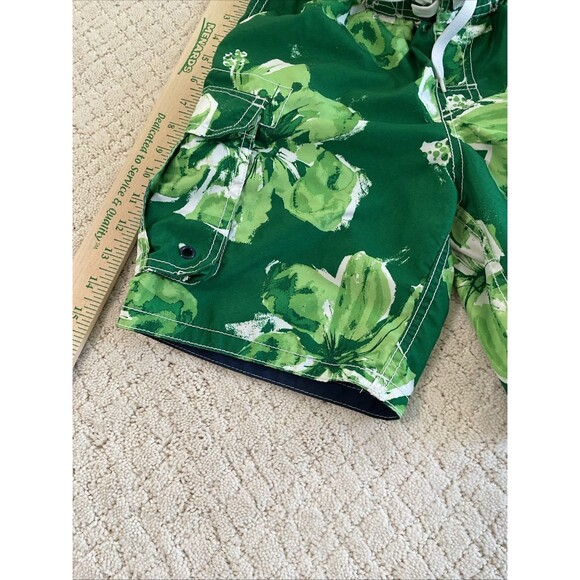 Mossimo Swim Trunks Boy’s Size S(6/7) Tropical Board Shorts Beach Vibrant.EUC - Picture 4 of 7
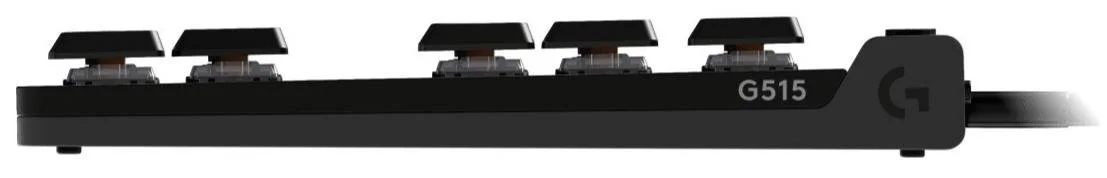 Фото: Клавіатура Logitech G515 TKL Tactile USB Black (920-012872) № 19 | KTC
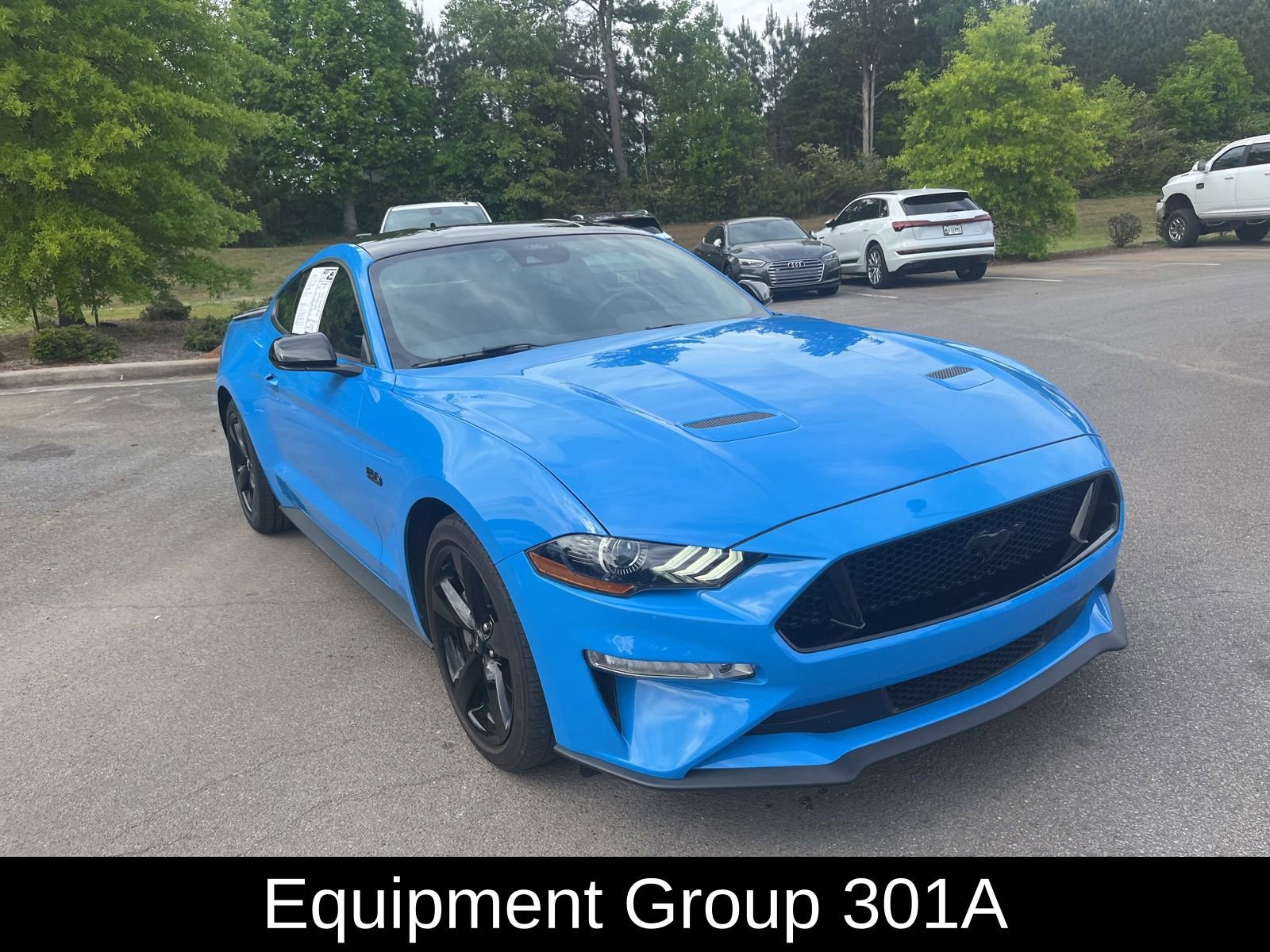 Used 2023 Ford Mustang GT w/ Equipment Group 301A RWD image 3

» Your instructions
Would you return the whole listing above exactly as written, skipping any image?

» Output for this task
 Mossimo Swim Trunks Boy’s Size S(6/7) Tropical Board Shorts Beach Vibrant.EUC - Picture 4 of 7
 Фото: Клавіатура Logitech G515 TKL Tactile USB Black (920-012872) № 19 | KTC
 Used 2023 Ford Mustang GT w/ Equipment Group 301A RWD image 3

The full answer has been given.